How Prisma Introspects a Schema from a MongoDB Database

janpio

Jan Piotrowski

Posted on May 3, 2022

How Prisma Introspects a Schema from a MongoDB Database

Prisma ORM recently released support for MongoDB. This represents the first time Prisma has supported a database outside of the SQL world. Prisma has been known for supporting many relational databases, but how did it end up being able to support the quite different MongoDB?

🕴️ I work as the Engineering Manager of Prisma’s Schema team. We are responsible for the schema management parts of Prisma, which most prominently include our migrations and introspection tools, as well as the Prisma schema language and file (and our awesome Prisma VS Code extension!).

The other big team working on Prisma object relational-mapper (ORM) is the Client team that builds Prisma Client and the Query Engine. These let users interact with their database to read and manipulate data.

In this blog post, I summarize how our team got Prisma’s schema introspection feature to work for the new MongoDB connector and the interesting challenges we solved along the way.

Prisma

Prisma is a Node.js database ORM built around the Prisma schema language and the Prisma schema file containing an abstract representation of a user’s database. When you have tables with columns of certain data types in your database, those are represented as models with fields of a type in your Prisma schema.

Prisma uses that information to generate a fully type-safe TypeScript/JavaScript Prisma Client that makes it easy to interact with the data in your database (meaning it will complain if you try to write a String into a Datetime field, and make sure you, for example, include information for all the non-nullable columns without a default and similar).

Prisma Migrate uses your changes to the Prisma schema to automatically generate the SQL required to migrate your database to reflect that new schema. You don’t need to think about the changes necessary. You just write what you want to achieve, and Prisma then intelligently generates the SQL DDL (Data Definition Language) for that.

For users who want to start using Prisma with their existing database, Prisma has a feature called Introspection. You call the CLI command prisma db pull to “pull in” the existing database schema, and Prisma then can create the Prisma schema for you automatically, so your existing database can be used with Prisma in seconds.

This works the same for PostgreSQL, MySQL, MariaDB, SQL Server, CockroachDB, and even SQLite and relies on relational databases being pretty similar, having tables and columns, understanding some dialect of SQL, having foreign keys, and concepts like referential integrity.

Prisma + MongoDB

One of our most requested features was support for Prisma with MongoDB. The feature request issue on GitHub for MongoDB support from January 2020 was for a long time by far the most popular one, having gained more than a total of 800 reactions.

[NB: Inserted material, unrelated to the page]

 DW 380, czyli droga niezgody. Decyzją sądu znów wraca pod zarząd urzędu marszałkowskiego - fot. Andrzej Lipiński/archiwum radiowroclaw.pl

GitHub issue reactions image

MongoDB is known for its flexible schema and the document model, where you can store JSON-like documents. MongoDB takes a different paradigm from relational databases when modeling data – there are no tables, no columns, schemas, or foreign keys to represent relations between tables. Data is often stored grouped in the same document with related data or “denormalized,” which is different from what you would see in a relational database.

So, how could these very different worlds be brought together?

Prisma and MongoDB: Schema team edition

For our team, this meant figuring out:

  1. How to represent a MongoDB structure and its documents in a Prisma schema.
  2. How to migrate said data structures.
  3. How to let people introspect their existing MongoDB database to easily be able to start using Prisma.

Fortunately solving 1 and 2 was relatively simple:

  1. Where relational databases have tables, columns, and foreign keys that are mapped to Prisma’s models, with their fields and relations, MongoDB has equivalent collections, fields, and references that could be mapped the same way. Prisma Client can use that information to provide the same type safety and functionality on the Client side.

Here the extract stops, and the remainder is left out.